All entries for Tuesday 12 September 2006
September 12, 2006
While the Metropolitan Police had tried to slip the news out quietly (leaving it until after the newspaper journalists had gone home this evening), it seems the promotion of Commander Cressida Dick to Assistant Commissioner has still caused a considerable stir.
Commander Dick was the officer in charge of the ‘shoot-to-kill’ policy adopted after the July 7th bombings, which resulted in the death of Jean Charles de Menezes, who officers assumed was a suicide bomber. His family have apparently – through a spokesperson – expressed their disgust at the news.
On the Metropolitan Police Authority’s website – where the news was announced – the following paragraph was included into a press release, indicating that the Authority knew the promotion would be controversial:
Clearly there are some sensitive and unprecedented circumstances involved. Candidates were chosen on the basis of their application and ability. The MPA would not prejudice an officer’s fair promotion prospects by making assumptions about future disciplinary action. Officers will not be posted into new posts until outstanding issues are resolved.
BBC News Online already has the story as their second headline – Menezes Police Officer Promoted – suggesting that news organisations who decide to take a more explicit line on the issue will have plenty of material to work with.
There’s little that newspapers like more than slagging off the police, and I’m sure many papers will put the boot in tomorrow at what could be seen as a serious misjudgement. The Daily Mail inparticular has never forgiven the Met for letting off the killers of Stephen Lawrence, and has taken on the crusade of bringing about justice all on its own.
Personally I don’t think that giving an order of ‘shoot-to-kill’ – which subsequently resulted in an accidental death – is enough reason to end a police officer’s career, and it certainly isn’t the job of the press to judge whether she is guilty or not. It’s entirely possible that Commander Dick has unrivalled leadership skills – don’t expect the newspapers to mention her specialist training in hostage negotiation, for instance – that make her an asset to the Met.
Sadly much of the media will probably overlook her good qualities and use her as a scapegoat as part of the fractious relationship they have with the police. While the de Menezes family has a right to be angry and ask questions of the police’s actions, there’s a danger that they will throw the blame at everyone, and none of it will stick.
At the weekend, The Observer wrote that the iPod was losing its cool, saying the device was “too common to be cutting edge”.
Well Steve Jobs has hit back in the only way that Apple can: lots of new iPods. And I mean lots.
The iPod Nano comes in various new flavours (and up to 8Gb) while the main iPod is 60% brighter and comes as a 30Gb or 80Gb beast.
The prices have all come down as well, which made me think they were making room for a super iPod with full widescreen at around £300-400. But it appears they’re not ready for that yet (although it’s rumoured to be in development).

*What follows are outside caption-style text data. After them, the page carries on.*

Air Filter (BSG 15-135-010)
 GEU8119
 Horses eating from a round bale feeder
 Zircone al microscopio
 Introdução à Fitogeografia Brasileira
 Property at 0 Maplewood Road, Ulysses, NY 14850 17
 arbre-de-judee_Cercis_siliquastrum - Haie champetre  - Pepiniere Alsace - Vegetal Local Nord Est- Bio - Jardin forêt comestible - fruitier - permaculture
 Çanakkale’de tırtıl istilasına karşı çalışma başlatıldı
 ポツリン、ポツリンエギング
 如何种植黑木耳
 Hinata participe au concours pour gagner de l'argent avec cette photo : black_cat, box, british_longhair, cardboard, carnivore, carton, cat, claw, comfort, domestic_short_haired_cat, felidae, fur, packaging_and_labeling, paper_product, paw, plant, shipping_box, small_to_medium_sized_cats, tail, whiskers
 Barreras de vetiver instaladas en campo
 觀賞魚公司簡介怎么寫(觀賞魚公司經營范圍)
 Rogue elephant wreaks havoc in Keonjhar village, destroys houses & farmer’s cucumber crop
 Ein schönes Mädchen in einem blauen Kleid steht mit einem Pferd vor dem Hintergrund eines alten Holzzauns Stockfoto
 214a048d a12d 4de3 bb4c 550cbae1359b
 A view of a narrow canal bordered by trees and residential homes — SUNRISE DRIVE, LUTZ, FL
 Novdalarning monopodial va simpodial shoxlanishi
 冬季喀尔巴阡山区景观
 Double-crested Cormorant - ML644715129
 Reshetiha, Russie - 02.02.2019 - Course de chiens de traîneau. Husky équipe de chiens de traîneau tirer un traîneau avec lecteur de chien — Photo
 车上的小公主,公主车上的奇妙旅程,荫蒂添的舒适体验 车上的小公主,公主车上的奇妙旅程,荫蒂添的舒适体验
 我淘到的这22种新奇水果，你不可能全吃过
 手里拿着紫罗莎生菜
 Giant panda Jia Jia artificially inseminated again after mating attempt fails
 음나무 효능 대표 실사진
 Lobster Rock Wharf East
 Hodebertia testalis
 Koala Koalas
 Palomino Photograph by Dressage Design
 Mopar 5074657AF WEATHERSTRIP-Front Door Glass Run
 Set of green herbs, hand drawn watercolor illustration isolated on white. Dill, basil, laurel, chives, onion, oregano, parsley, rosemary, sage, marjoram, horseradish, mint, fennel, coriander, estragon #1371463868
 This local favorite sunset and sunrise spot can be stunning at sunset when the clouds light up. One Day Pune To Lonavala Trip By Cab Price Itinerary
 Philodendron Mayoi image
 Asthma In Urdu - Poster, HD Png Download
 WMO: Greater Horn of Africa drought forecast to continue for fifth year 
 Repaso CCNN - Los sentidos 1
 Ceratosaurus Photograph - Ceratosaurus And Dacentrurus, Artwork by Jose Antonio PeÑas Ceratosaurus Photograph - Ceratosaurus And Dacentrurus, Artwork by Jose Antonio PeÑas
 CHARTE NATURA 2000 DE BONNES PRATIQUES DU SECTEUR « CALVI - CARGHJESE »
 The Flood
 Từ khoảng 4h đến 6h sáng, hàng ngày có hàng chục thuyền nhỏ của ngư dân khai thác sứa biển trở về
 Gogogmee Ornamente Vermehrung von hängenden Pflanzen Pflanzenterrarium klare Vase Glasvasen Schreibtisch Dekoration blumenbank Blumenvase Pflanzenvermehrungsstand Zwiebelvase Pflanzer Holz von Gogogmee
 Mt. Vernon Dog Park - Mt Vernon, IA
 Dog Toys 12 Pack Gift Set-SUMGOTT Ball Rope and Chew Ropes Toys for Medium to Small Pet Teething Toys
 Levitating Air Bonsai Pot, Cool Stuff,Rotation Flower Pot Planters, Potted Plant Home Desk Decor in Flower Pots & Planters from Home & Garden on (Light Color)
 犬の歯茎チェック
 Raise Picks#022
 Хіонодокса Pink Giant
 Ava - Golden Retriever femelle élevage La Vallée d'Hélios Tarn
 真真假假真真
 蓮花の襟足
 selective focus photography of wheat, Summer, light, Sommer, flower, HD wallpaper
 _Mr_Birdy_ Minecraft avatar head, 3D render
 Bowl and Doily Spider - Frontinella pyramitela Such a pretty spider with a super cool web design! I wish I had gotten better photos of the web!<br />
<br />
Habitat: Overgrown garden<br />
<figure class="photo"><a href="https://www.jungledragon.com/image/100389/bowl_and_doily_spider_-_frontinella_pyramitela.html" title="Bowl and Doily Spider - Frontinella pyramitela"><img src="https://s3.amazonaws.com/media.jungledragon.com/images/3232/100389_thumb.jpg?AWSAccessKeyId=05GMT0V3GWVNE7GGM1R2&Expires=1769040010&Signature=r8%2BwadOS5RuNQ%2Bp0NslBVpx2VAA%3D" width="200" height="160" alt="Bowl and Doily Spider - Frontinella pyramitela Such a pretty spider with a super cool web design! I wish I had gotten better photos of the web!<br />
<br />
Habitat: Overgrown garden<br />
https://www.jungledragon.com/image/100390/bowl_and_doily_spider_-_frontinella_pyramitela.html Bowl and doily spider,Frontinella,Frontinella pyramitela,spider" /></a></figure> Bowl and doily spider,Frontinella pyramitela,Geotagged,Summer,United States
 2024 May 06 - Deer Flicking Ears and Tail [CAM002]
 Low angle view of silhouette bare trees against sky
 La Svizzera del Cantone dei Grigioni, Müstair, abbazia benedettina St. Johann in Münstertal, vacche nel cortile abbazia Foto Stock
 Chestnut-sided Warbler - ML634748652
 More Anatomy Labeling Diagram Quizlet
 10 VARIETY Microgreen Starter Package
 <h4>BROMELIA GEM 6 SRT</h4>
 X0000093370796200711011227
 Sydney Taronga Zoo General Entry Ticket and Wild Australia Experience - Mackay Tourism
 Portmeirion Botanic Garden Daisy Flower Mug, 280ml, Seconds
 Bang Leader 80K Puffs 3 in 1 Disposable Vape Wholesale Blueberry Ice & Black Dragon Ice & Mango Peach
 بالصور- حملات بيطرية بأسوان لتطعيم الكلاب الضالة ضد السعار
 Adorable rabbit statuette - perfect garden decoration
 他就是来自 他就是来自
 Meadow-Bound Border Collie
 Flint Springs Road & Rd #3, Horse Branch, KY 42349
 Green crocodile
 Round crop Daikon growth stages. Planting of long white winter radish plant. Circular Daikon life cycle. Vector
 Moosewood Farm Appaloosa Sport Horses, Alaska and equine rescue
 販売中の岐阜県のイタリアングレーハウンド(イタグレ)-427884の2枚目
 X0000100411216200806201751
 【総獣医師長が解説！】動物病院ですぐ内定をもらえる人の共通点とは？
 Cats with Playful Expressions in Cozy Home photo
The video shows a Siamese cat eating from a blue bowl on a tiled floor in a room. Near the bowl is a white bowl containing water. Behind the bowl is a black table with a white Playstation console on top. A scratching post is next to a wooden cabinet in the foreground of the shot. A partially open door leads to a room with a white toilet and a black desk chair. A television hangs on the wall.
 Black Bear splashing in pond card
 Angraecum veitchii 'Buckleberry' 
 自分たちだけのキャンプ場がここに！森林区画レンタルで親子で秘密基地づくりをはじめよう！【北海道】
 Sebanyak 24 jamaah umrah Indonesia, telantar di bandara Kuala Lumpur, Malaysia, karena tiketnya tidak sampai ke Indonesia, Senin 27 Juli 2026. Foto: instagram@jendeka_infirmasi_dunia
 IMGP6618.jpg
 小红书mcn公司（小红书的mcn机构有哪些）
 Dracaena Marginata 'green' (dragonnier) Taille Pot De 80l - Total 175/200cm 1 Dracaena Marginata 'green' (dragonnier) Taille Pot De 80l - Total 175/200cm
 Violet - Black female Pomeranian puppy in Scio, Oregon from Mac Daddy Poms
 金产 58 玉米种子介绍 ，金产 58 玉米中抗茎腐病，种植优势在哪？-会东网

They’re also got something called iTV (working title, which is useful or they might have some Brits heading for the lawyers), which is going to be a box linking your PC/Mac to your TV. It’s a nice idea, but is hardly cool. If it included a hard drive and worked as a PVR as well, that’d be more like it.
I’m not an iPod fan for the reasons that the Observer mentioned – they’re just too ubiquitous, too simple (no FM radio) and evil when it comes to Digital Rights Management and moving your MP3s from one player to another and back again. There’s a sense that iPods are just a loss-leader, there only to make you spend more money on iTunes, rather than giving you some stuff that you’ll never have to pay for later (like the radio). I went for a Creative Zen Micro instead, and am quite happy with the choice.
But are Apple really in trouble as the Observer says? I don’t think so. Sure, they’re finding it harder to innovate nowadays, and the only changes they’re really making to the hardware has been the size of the hard drive inside it. Sure, you can download movies with iTunes (but only if you’re in America), but that’s software, and software isn’t cool.
The reason people get so weak at the knees about a possible iPhone or a widescreen iPod is that they’re just such cool products that it’s amazing Apple hasn’t made them already. But I don’t think teasing us for a few more months – or years – is going to hit Apple’s bottom line too much.
Apple’s marketing budget is truly enormous, and Creative have proven – for me at least – that you can have a superior product at a better price, and still not be able to flog it.
But, there’s a development around the corner which might just put the cat among the pigeons, and not surprisingly, it comes from the ‘other’ Silicon Valley mogul. Microsoft’s Zune is out soon, and is expected to do everything an iPod can (and perhaps more, such as serious gaming). With Bill Gates’ billions behind it – and considering the recent success of the Xbox 360 – there’s no knowing how much damage it might do to iPod’s fortunes.